According an article published in The Huffington Post earlier this year, the Hoosier State notified roughly 50,000 of the state’s 836,000 food stamp recipients that they would be getting the boot come October unless they meet work requirements set by the 1996 Federal Welfare Reform Law. This measure requires childless adults without disabilities to work at least 20 hours a week in order to qualify for more than three months worth of food stamp benefits.
Federal regulations allowed states to waive that particular rule in times of high unemployment and since 2009, every state has done exactly that. Nevertheless, the U.S. Department of Agriculture, which oversees the Supplemental Nutrition Assistance Program (SNAP) – commonly known as the food stamp program – notified states that they were going to soon lose those waivers due to a decrease in unemployment rates.
Ending the waivers would kick about a million people off food stamps by the end of next year, according to a January estimate by Ed Bolen, a policy expert with the liberal Center on Budget and Policy Priorities. In a recent interview, Bolen said that Indiana is being more aggressive about the time limit than it needs to be since there are some states that are able to still apply for limited waivers in areas where there is still high unemployment.
“Indiana is not taking an approach that other states are taking, which is to keep the waiver in parts of the state that are hard hit,” Bolen said.
Jim Gavin, a spokesperson for the Indiana Family and Social Services Administration disagreed and said that getting rid of the waivers altogether is a much better policy.
“We view the establishment of the time limits as an opportunity to help improve the skills of Hoosiers in all parts of the state and advance their prospects for meaningful employment,” Gavin said, “while at the same time establishing a pool of better prepared candidates for the Indiana workforce.”
“Only about 10 percent of the 47 million SNAP recipients nationally were able-bodied adults without dependents in 2013,” according to the most recent USDA data. The overall number of recipients has slightly declined since then to approximately 45 million.

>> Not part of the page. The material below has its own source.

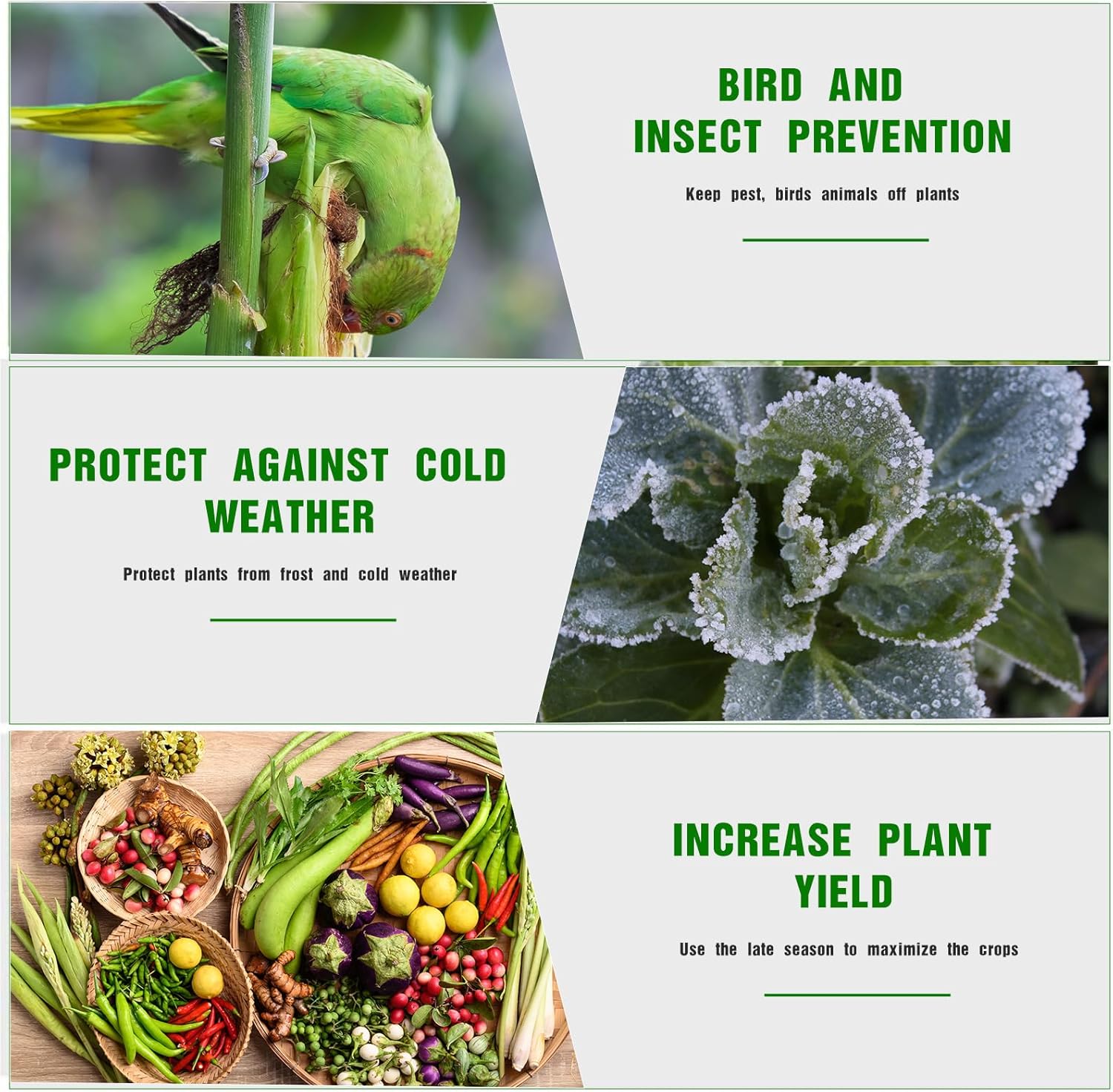 Windyun Plant Covers Freeze Protection Garden Floating Row Cover Frost Cloth Blanket for Winter Cold Weather Sun Protection Outdoor Plant Vegetables(8 x 100 ft)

The three-month time frame for those people not working has also been reinstated in Maine, Wisconsin and pretty soon in New Mexico. The state of Kansas reimposed it in 2013. Kansas Governor Sam Brownback (R) and New Mexico Governor Susana Martinez (R) urged other states to follow the same suit in an article published in The Washington Times.
“We encourage governors not to renew work waivers for able-bodied adults without dependent children who are on food assistance and, instead, help lift millions off of welfare and transition them to meaningful jobs as a result,” the governors wrote, citing circumstantial evidence that reimposing the time limit boosted employment in some states.
Those who are receiving food stamps, can satisfy the work requirement by either finding a job or participate in job training programs. Nevertheless, Bolen said that most states do not offer programs that would guarantee people those options if they are unable to find work.